Tuesday, September 2, 2008

Day 6: Good-bye, Singapore. Hello, Bangkok!

Sorry for not updating this blog yesterday: for one reason or another, I could access it but could not update it from my hostel in Bangkok. In any case, all is well, and today there are a lot of new pictures available for everyone to enjoy. The one to the right is of a real ad I found in one of this week's editions of the Bangkok Post:)

I should note that I almost missed the so-much-written-about flight from Singapore to Bangkok. Apparently, right after check-in, I realized that there was more free Internet hotspots available in Singapore, so I was online until literally 45 minutes before departure. As I stood up to walk up to my gate, I overheard on the load speakers that "All passengers boarding FT3504 to Bangkok should proceed to the boarding gate immediately." I still didn't think it was that big of a deal--after all, it was 45 minutes until take-off--but when I looked on the TV screen it said "Air Asia, Bangkok, 3.45 p.m., gate closing." S-H-I-T! I was told that there are no refunds if I miss the flight, so I began panicking. I ran to the gate as fast as I could and made it--and I wasn't even the last one. The gate closed about 10 minutes thereafter.

Having made the flight, I realized that the plane was not full. At best, it was 3/4 full, but what it definitely was for a budget airline is superb! I mean the whole atmosphere: leather seats, music playing before and after take-off, cheap drinks and food sold throughout the flight. and beatiful flight attendants. For a budget airline in the U.S. or Europe this is unheard of. Therefore, anyone trying to save money and flying in Asia, I highly recommend Air Asia in all aspects.

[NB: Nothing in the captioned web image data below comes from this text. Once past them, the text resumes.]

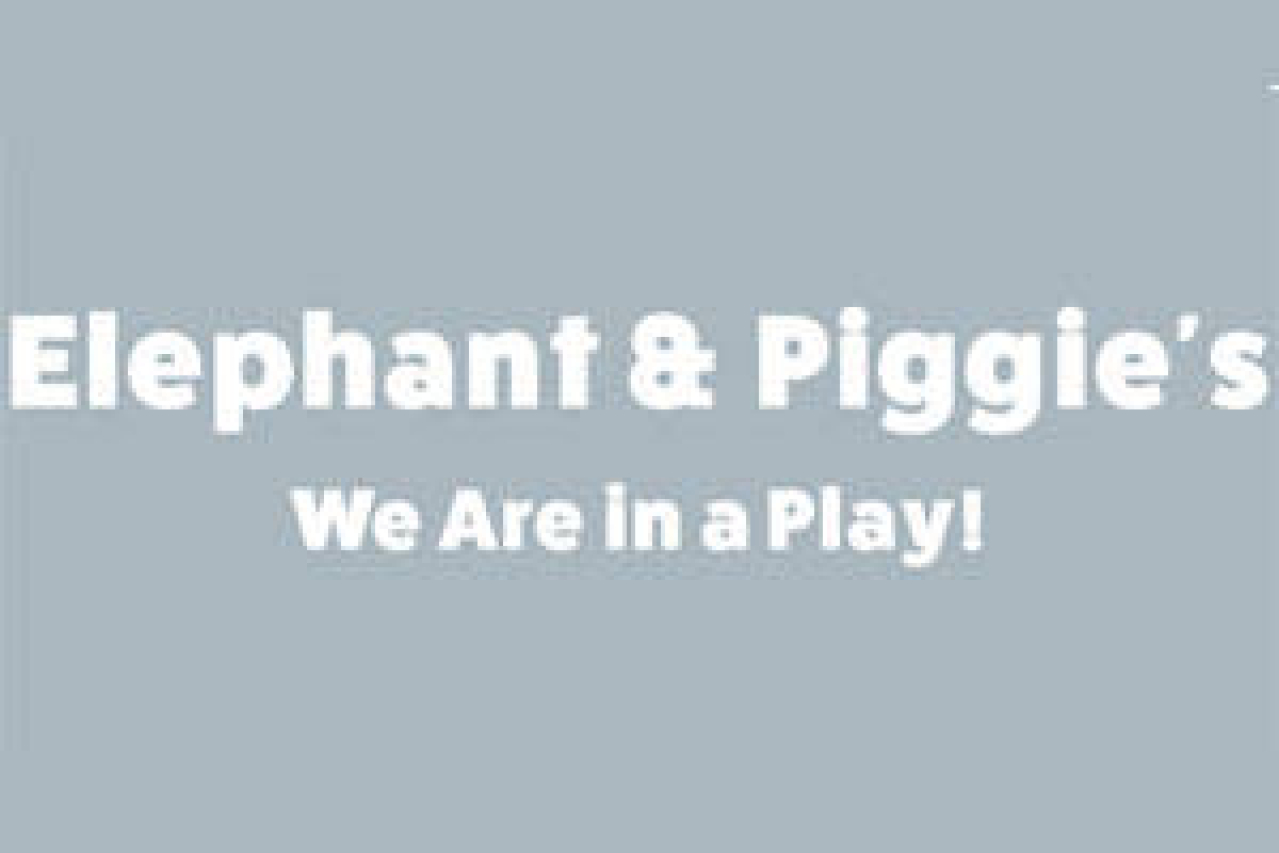 elephant piggies we are in a play logo 56519 1
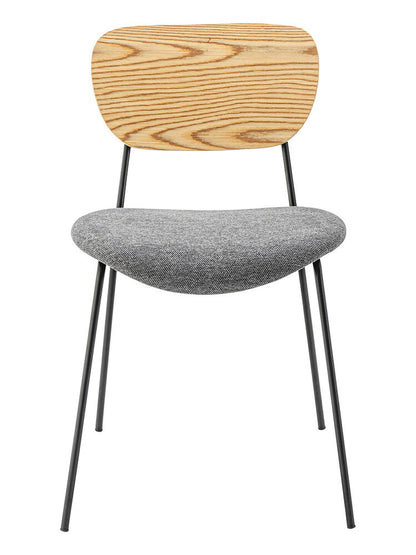 チェア おしゃれ デザインチェア イス いす 椅子 ダイニングチェア オフィスチェア インテリア インテリアコーディネート カフェ チェア リビング ダイニング かわいい ナチュラル 新生活(代引不可)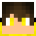 DedeDots’s head
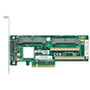 HP 013159-005 SMART ARRAY P400 PCI-E SAS RAID CONTROLLER CARD ONLY. REFURBISHED. IN STOCK.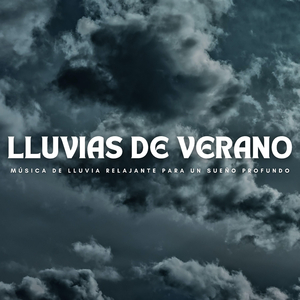 El Movimiento De La Lluvia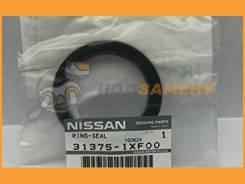    Nissan / 313751XF00 313751XF00 
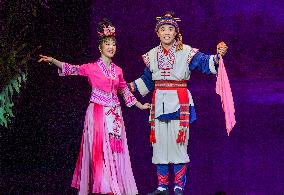 10th China-Asean (Nanning) Drama Week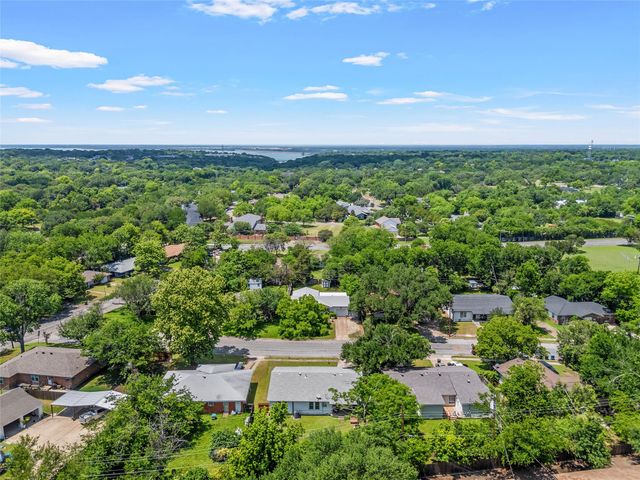 3816 Pine Avenue, Waco, TX 76708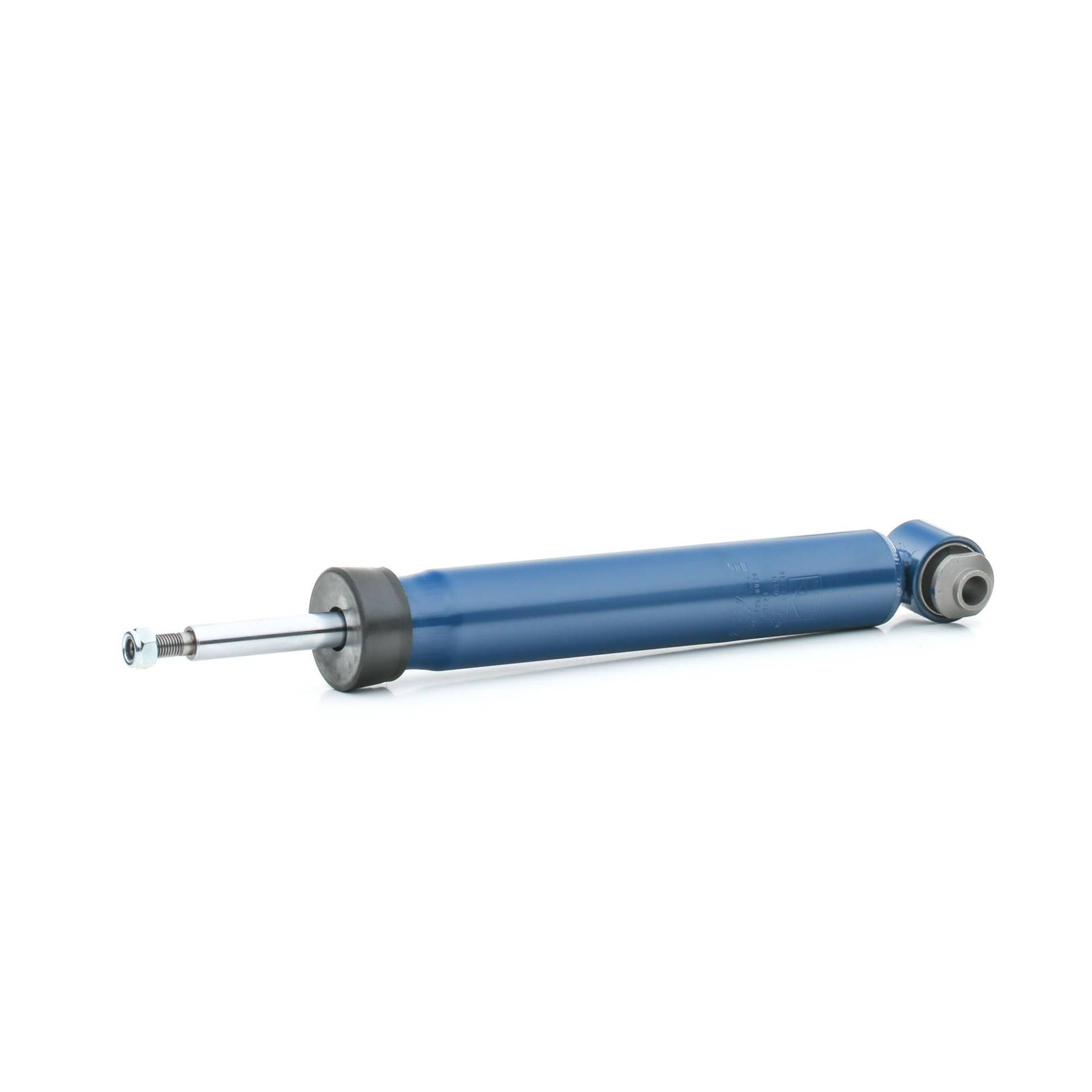 2x MEYLE 326 725 0029 Stoßdämpfer Gasdruck Hinten || Federung Stoßdämpfer 2x MEYLE 326 725 0029 Stoßdämpfer Gasdruck Hinten || Federung Stoßdämpfer von Meyle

Upon arrival at Suvarnabhumi Airport in Bangkok, I boarded the shuttle bus ($5) to my hostel. Luckily I didn't take the taxi, since traffic was atrocious, taking me nearly two-and-a-half hours to reach my hostel. The first thing that I noticed was that in Bangkok, as in Singapore, the drivers sit on the right side of the car. I cannot fathom as to why, though. At least in Singapore, a former British colony, it was to be expected, much as in India or Japan (which was not a colony but that also drives on that side). But why Thailand, which is the only country in South-East Asia never to have been colonized, I believe? Anyone?